2 Department of Sociology and Anthropology and Doctoral Program in Gerontology, University of Maryland, Baltimore County.
Address correspondence to Helen K. Black, Thomas Jefferson University, Community Home Healthcare Research, 130 S. 9th Street, Suite 515, Philadelphia, PA 19107. E-mail: helen.black{at}Jefferson.edu
Objectives. This qualitative research study explored the personal meaning of suffering to a group of 40 community-dwelling elders, stratified by gender and race.
Methods. We recruited 40 informants who were 70 years old or older from the Philadelphia, PA, area for extended qualitative interviews, which elicited their life story and experiences and philosophies about suffering. Cells contained 10 African American men and women and 10 European American men and women each (N = 40). Through analysis of data, we placed elders' experiences of suffering under three general themes: suffering as lack of control, suffering as loss, and the value of suffering.
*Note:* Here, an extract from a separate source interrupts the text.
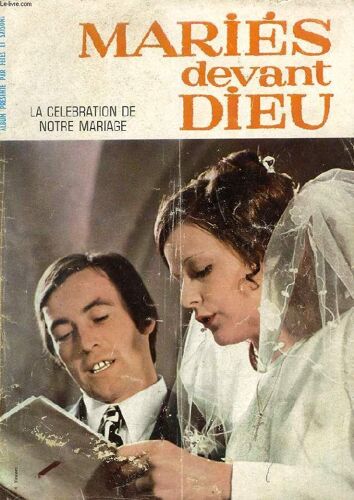 Maries Devant Dieu, La Celebration De Notre Mariage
Results. Informants developed a unique definition, attribution, theory, and theodicy about suffering based on the particularity of the experience as well as how they "fit" suffering into their lives as a whole. Brief case studies illustrate how themes emerged in elders' stories of suffering.
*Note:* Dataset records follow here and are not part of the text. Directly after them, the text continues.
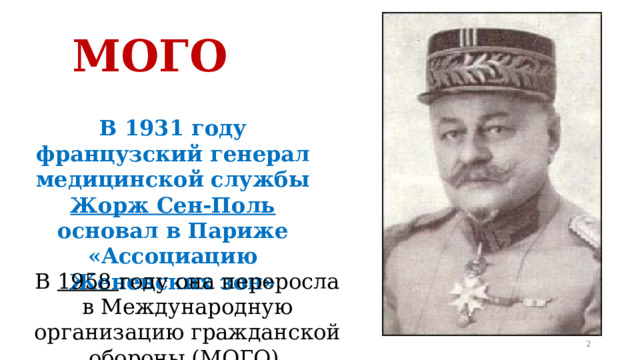 МОГО В 1931 году французский генерал медицинской службы Жорж Сен-Поль основал в Париже «Ассоциацию Женевских зон» В 1958 году она переросла в Международную организацию гражданской обороны (МОГО). 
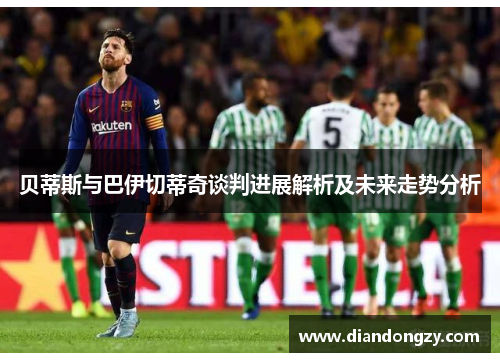 贝蒂斯与巴伊切蒂奇谈判进展解析及未来走势分析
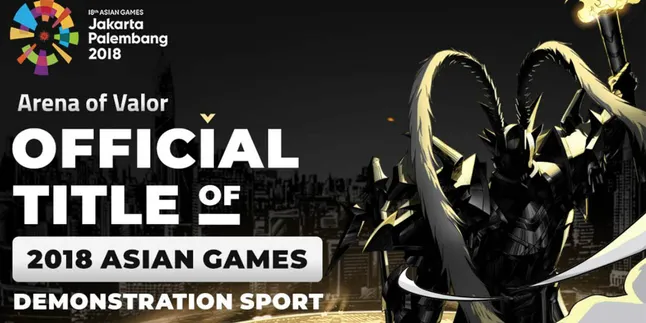 Alasan di Balik Dipertandingkannya AOV di Asian Games 2018, Penasaran?
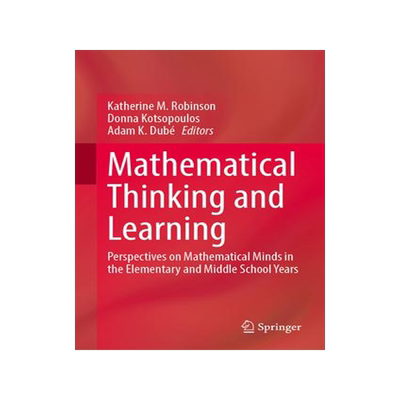 [预订]Mathematical Thinking and Learning 9783031318474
Discussion. On the basis of this research, it appears that, although they have some similarities, elders' experiences of suffering are unique and incomparable. Similarities concern informants' connection of suffering with finitude. The incomparability of suffering experiences relate to informants' unique personal histories, perceptions, and "cause" of suffering. Through the process of the interview, elders connect the suffering experience to the entirety of the life lived and the story of suffering to the life story.